What the exercise asks: Output only the lines below from the one containing "Oxford International Primary" to the one containing "Volkswagen Polo Allstar", exactly as written, both ends kept.

Data:
○ ○ ○

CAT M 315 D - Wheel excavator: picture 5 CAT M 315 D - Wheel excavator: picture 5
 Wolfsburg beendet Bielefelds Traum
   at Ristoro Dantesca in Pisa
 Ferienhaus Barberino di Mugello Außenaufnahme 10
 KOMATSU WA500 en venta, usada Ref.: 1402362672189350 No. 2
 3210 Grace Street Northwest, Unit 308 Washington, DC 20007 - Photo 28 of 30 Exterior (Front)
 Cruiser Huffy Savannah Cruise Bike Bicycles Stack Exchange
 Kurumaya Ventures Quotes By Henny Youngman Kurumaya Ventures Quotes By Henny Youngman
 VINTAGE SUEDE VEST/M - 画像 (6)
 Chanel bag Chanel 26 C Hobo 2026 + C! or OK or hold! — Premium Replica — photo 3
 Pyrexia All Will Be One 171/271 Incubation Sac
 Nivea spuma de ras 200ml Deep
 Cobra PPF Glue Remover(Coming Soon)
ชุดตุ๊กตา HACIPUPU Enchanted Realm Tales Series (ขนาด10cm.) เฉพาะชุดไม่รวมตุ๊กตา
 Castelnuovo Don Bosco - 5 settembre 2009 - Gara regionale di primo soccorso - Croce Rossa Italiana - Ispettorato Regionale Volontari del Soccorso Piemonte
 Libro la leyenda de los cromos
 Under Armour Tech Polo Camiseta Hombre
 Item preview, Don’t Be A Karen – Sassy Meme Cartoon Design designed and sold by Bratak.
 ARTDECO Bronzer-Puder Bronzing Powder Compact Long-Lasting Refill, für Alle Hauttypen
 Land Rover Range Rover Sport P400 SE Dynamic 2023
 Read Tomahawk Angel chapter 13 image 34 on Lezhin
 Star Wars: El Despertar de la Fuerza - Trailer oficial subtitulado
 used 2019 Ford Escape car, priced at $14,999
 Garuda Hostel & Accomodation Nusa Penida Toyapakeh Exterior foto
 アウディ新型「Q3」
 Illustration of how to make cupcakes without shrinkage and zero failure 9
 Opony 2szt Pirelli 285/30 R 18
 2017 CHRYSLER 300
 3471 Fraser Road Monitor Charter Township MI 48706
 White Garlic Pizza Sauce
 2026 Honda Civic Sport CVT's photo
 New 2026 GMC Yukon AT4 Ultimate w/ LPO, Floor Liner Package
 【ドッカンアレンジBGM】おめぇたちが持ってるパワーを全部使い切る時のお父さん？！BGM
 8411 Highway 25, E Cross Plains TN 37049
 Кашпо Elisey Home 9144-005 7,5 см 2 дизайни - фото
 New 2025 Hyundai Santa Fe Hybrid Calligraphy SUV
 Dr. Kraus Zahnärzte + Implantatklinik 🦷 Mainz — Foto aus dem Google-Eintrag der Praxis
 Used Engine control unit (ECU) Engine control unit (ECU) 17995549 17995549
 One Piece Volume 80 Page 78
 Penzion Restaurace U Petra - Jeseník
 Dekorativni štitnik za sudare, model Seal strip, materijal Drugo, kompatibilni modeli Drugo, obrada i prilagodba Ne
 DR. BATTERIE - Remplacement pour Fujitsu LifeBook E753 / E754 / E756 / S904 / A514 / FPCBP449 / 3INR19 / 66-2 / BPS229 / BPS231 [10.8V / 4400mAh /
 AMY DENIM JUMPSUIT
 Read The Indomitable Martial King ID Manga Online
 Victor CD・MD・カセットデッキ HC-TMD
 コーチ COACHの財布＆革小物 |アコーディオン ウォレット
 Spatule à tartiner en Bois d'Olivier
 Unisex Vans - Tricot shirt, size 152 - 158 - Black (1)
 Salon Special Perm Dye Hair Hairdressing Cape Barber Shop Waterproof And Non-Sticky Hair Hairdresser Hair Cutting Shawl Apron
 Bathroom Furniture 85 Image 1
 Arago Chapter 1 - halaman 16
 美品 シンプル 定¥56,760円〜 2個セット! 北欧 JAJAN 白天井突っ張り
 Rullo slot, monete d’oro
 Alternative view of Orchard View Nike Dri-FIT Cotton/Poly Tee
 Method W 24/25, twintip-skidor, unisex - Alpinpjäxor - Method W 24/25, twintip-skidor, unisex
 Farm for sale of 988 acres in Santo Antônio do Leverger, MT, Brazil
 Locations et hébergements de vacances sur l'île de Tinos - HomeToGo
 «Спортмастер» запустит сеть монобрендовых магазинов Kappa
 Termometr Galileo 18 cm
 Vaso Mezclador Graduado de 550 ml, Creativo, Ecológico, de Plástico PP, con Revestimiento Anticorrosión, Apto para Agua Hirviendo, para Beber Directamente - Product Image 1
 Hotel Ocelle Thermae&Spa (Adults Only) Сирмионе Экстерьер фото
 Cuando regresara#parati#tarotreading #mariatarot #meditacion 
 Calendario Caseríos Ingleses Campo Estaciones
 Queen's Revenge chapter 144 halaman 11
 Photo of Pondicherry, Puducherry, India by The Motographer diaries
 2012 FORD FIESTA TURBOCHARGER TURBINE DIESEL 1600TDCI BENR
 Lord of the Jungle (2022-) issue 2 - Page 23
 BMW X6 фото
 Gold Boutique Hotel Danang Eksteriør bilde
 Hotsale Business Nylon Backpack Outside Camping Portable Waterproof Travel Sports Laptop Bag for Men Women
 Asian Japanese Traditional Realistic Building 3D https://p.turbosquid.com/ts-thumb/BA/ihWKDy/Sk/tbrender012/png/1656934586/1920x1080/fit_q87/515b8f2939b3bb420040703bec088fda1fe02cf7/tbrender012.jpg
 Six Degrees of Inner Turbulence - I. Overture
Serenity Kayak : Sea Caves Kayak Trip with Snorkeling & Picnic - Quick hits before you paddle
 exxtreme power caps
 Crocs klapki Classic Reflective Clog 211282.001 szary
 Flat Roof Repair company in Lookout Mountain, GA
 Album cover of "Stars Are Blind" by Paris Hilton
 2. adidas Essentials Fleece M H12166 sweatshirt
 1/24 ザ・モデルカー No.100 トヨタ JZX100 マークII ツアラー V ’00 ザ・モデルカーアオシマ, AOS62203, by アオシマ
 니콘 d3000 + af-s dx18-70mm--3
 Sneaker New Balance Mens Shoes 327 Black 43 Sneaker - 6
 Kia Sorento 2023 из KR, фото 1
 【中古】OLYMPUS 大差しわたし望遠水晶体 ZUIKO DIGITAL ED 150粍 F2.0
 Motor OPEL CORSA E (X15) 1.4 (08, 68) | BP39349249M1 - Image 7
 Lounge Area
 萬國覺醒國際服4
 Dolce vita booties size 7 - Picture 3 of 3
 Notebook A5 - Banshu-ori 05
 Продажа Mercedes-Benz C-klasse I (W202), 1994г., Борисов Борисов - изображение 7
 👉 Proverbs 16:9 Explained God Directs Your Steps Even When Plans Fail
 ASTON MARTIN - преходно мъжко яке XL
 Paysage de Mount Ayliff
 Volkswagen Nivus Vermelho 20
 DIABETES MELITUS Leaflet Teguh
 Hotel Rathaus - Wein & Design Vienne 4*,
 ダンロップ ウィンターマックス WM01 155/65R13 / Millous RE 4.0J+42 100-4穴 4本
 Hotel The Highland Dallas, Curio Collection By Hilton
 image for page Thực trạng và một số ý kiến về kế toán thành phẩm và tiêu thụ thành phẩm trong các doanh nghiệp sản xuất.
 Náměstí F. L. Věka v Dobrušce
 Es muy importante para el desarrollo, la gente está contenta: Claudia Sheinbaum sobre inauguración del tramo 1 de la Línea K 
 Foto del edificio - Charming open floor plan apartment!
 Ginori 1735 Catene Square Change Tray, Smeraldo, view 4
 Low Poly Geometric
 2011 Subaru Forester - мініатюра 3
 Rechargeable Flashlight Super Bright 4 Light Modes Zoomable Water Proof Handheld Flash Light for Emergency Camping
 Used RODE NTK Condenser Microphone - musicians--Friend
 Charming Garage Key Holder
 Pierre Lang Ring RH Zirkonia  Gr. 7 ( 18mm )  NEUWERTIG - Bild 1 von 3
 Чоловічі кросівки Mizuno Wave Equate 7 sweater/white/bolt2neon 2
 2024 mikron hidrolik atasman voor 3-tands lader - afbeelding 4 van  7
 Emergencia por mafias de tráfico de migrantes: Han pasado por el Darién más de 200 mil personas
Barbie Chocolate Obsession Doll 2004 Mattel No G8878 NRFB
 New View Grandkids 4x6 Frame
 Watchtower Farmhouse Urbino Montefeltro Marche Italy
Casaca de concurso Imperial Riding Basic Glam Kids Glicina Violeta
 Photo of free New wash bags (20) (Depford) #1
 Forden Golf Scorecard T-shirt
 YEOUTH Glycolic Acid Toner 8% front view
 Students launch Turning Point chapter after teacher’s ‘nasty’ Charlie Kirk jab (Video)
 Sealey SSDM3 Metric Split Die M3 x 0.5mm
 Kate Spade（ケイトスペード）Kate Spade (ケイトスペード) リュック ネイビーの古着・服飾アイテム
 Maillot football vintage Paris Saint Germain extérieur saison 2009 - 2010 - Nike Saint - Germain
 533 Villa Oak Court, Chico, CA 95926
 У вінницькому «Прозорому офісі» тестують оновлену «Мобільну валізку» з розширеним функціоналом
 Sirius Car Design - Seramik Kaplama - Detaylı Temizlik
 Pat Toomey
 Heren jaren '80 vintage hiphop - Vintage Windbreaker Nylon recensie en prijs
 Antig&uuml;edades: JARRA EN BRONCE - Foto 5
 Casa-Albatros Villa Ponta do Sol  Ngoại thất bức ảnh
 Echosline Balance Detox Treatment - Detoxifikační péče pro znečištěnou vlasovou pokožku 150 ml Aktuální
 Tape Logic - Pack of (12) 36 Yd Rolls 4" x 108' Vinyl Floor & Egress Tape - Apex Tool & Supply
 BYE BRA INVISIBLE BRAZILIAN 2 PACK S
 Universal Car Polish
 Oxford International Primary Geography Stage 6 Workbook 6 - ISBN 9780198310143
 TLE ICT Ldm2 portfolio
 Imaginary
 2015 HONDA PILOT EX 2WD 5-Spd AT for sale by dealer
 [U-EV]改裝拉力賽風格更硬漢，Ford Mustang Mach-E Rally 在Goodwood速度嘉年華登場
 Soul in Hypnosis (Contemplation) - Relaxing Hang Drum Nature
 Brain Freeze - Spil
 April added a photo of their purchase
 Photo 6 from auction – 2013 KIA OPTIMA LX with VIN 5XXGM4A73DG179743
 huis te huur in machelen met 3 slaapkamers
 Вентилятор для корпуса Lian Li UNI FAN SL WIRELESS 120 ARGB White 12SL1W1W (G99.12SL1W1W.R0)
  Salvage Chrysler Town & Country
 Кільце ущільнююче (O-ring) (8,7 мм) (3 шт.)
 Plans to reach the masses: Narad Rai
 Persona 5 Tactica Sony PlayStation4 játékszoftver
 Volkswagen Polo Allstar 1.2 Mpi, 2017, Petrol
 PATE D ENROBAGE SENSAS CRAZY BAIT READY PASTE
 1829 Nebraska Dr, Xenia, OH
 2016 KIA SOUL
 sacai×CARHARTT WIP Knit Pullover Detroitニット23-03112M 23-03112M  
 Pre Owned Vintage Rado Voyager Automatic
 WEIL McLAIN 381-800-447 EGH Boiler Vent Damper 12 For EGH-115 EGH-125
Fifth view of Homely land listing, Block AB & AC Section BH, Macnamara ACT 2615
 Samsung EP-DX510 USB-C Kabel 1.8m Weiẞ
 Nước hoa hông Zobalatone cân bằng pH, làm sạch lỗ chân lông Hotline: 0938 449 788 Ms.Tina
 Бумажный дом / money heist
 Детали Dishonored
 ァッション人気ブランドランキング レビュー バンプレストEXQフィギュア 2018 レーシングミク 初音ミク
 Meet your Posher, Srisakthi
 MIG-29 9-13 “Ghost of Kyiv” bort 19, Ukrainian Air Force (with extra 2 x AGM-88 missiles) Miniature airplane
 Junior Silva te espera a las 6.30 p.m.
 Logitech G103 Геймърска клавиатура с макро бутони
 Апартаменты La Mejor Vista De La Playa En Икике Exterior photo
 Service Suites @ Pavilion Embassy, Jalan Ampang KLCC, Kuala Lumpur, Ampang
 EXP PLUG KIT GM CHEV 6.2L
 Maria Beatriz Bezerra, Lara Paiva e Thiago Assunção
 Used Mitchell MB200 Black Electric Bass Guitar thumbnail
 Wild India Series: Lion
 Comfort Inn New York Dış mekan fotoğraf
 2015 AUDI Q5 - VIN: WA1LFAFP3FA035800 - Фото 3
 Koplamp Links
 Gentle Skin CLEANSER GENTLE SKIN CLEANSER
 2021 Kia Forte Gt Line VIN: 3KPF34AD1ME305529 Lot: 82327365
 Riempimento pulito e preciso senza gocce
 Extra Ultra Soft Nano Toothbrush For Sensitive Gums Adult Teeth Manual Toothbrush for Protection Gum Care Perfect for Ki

○ ○ ○

Answer area:
 Oxford International Primary Geography Stage 6 Workbook 6 - ISBN 9780198310143
 TLE ICT Ldm2 portfolio
 Imaginary
 2015 HONDA PILOT EX 2WD 5-Spd AT for sale by dealer
 [U-EV]改裝拉力賽風格更硬漢，Ford Mustang Mach-E Rally 在Goodwood速度嘉年華登場
 Soul in Hypnosis (Contemplation) - Relaxing Hang Drum Nature
 Brain Freeze - Spil
 April added a photo of their purchase
 Photo 6 from auction – 2013 KIA OPTIMA LX with VIN 5XXGM4A73DG179743
 huis te huur in machelen met 3 slaapkamers
 Вентилятор для корпуса Lian Li UNI FAN SL WIRELESS 120 ARGB White 12SL1W1W (G99.12SL1W1W.R0)
  Salvage Chrysler Town & Country
 Кільце ущільнююче (O-ring) (8,7 мм) (3 шт.)
 Plans to reach the masses: Narad Rai
 Persona 5 Tactica Sony PlayStation4 játékszoftver
 Volkswagen Polo Allstar 1.2 Mpi, 2017, Petrol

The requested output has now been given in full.